Anyhow, returning to the strictly literary version of this story I liked the ending half quite a bit, more perhaps than the first half. While it never did reach any symbolic level, it was well balanced, meaning not overly "happy" nor too dark, which works for some stories, but certainly not this one. The thing that I liked most was that it stayed fairly true to real life the entire thing through. Sure, the occasional corny line was still in there, but a good deal of it brought forth that "Gee, I think that way, or Gee I’ve thought that, done that, have friends like that, felt that etc." type thing. I like stories that do that, as they make it all more real. No matter how "deep" a character is, or how sophisticated, it just doesn’t work if the reader can’t relate in some little way. (Although I suppose that that could work with a purposefully mysterious character.) But these people can be related to allot. Of course this can probably be much attributed to two things: First, the characters actually are real, and second, they are the same age as I. Nonetheless, I have read some stories in which both of these things are true, but the characters just don’t feel authentic, like the author is trying to hard to write like a teenager.

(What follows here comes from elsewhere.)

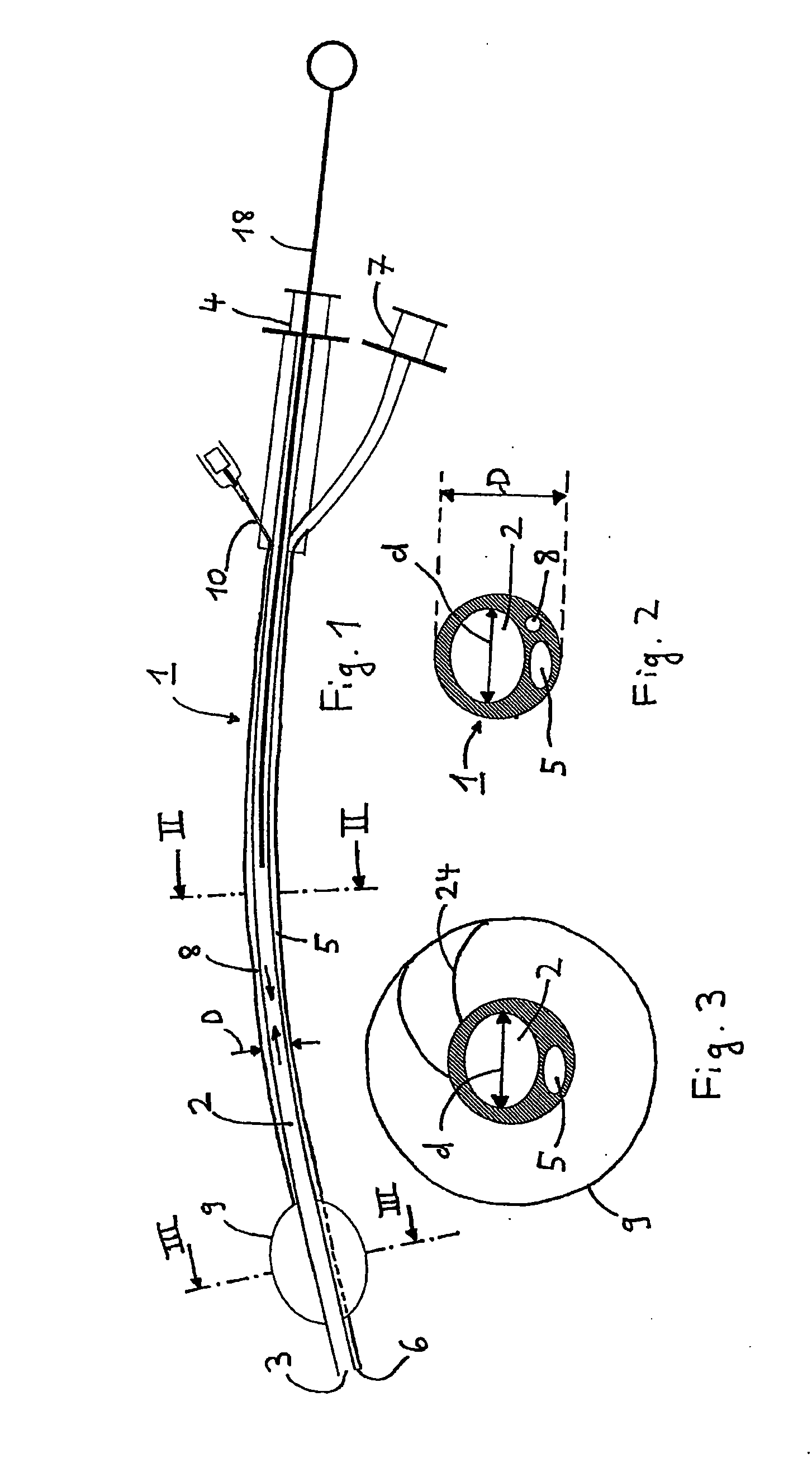 Jet ventilation catheter, in particular for ventilating a patient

The story does have it’s fair share of drama however, every now and then bordering on "dark"(I realize I am radically changing topics here on and off, but heck, this is a free-write.) Between his problems with his father, the ugly side of working in a mine (deaths aren’t exactly rare.), the death of a man who was put in the mine as a result of something he did for Homer, (trying to not give away the entire thing here) and the fact that every time something gets killed Homer thinks it is his fault, along with a few other things, the story most definitely has a serious side. But in the end it is a lesson teacher book, one that once again says "If you try hard enough, you can do anything." I realize this is by no means a new book topic, but it works, and it definitely worked in this book, as far as I am concerned.
I have said all that I wish to say, and I’ll simply end with the comment that I liked this book.